In a habeas corpus proceeding pursuant to Mental Hygiene Law § 33.15, the petitioner appeals from a judgment of the Supreme Court, Suffolk County (Brown, J.), dated March 31, 1989, which dismissed the proceeding.
Ordered that the judgment is affirmed, without costs or disbursements.
On December 16, 1988, the petitioner was involuntarily admitted to the psychiatric unit of Hempstead General Hospital pursuant to Mental Hygiene Law § 9.37 (a), which authorizes the involuntarily admission of a person upon the representation of a director of community services that such person "has a mental illness for which immediate inpatient care and treatment in a hospital is appropriate and which is likely to result in serious harm to himself or others”.
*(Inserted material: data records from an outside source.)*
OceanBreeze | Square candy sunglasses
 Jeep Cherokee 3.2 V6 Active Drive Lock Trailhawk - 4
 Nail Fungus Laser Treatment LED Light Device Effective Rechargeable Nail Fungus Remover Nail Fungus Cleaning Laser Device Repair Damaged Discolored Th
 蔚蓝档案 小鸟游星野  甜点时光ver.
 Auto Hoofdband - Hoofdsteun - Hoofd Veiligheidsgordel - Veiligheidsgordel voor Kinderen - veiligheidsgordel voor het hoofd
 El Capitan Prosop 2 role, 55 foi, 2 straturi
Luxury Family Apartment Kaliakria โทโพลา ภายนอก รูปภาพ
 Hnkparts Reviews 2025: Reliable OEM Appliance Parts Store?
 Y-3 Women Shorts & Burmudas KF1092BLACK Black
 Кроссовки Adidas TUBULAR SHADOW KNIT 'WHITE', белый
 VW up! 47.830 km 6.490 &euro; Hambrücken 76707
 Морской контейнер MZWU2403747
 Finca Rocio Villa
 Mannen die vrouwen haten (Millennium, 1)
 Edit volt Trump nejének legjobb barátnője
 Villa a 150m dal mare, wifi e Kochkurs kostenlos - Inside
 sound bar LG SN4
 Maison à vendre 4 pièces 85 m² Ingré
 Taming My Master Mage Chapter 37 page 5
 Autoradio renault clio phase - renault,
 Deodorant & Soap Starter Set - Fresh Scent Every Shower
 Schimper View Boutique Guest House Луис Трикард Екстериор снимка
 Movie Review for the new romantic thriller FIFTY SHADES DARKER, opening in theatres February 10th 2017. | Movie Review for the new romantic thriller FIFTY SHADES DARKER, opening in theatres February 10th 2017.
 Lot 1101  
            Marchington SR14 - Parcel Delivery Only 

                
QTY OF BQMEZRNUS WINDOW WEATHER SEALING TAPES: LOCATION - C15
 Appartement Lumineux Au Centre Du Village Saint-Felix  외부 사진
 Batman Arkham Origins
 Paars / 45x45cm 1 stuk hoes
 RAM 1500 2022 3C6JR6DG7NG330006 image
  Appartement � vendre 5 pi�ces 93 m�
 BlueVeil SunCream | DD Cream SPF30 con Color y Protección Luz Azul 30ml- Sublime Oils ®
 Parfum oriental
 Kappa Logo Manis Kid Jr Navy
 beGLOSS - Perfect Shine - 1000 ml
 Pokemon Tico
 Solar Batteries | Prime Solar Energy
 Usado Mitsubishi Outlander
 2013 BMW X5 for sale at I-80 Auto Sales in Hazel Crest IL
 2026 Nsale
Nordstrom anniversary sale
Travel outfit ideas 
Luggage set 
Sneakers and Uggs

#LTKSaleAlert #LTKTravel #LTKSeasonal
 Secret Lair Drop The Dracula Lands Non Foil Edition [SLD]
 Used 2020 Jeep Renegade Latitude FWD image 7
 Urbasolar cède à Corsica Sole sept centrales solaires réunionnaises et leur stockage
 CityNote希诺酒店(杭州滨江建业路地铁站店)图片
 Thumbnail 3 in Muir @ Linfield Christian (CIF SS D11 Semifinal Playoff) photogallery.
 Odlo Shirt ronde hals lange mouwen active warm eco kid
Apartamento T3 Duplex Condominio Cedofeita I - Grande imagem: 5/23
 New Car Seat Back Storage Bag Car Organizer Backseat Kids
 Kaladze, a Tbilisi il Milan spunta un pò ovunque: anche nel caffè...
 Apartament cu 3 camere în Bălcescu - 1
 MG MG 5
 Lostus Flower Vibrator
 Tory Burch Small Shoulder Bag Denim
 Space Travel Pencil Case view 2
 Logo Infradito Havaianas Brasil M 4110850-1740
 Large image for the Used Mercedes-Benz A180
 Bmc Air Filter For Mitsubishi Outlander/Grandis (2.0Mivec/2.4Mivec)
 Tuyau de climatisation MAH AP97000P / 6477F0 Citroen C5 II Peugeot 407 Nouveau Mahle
On February 23, 1989, an order authorizing the petitioner’s retention at Hempstead General Hospital for a period not to *564exceed six months from February 14, 1989, was signed. No hearing was held, since none had been requested, and no appeal was taken from that order.
On March 2, 1989, the petitioner was transferred to Pilgrim Psychiatric Center pursuant to an administrative order of transfer signed by the respondent on February 27, 1989.
The petitioner brought the instant proceeding, and a hearing was held, at which the petitioner testified in his own behalf, but declined to offer his hospital record into evidence. Although the petitioner’s counsel called the petitioner’s attending psychiatrist to the stand, the doctor was asked no questions about his patient’s mental condition. The court dismissed the proceeding on the grounds that it was bound by the prior retention order, and because the petitioner had failed to present sufficient evidence to establish a change in his mental condition.
On appeal, the petitioner submits that the burden of proof should not have been placed on him to sustain his application for habeas corpus relief. This contention is without merit.
The petitioner failed to request a hearing, as provided for by Mental Hygiene Law article 9, upon the application for the original retention order dated February 23, 1989; nor did he appeal from that order. The hearing court therefore correctly noted that it was bound by the outstanding six-month retention order in the absence of any showing by the petitioner that he was no longer mentally ill and in need of in-patient care and treatment.
Under the provisions of the Mental Hygiene Law found constitutional in Project Release v Prevost (722 F2d 960), a State psychiatric facility must apply at regular intervals to continue the retention of a patient whom it believes to be mentally ill and in need of in-patient care and treatment (Mental Hygiene Law art 9), and the facility has the burden of proof each time it applies for the continued retention of a patient (see, Addington v Texas, 441 US 418). The placing of the burden of proof on a patient seeking release from a psychiatric facility prior to the expiration of an existing court order authorizing his retention is not a deprivation of due process.
The petitioner herein failed to submit his clinical record and/or other medical evidence for the hearing court’s review, despite the express requirements of Mental Hygiene Law § 33.15 (b) that he do so. The court therefore properly determined that, under the circumstances at bar, the petitioner *565failed to carry his burden of proof. Lawrence, J. P., Eiber, Sullivan and Harwood, JJ., concur.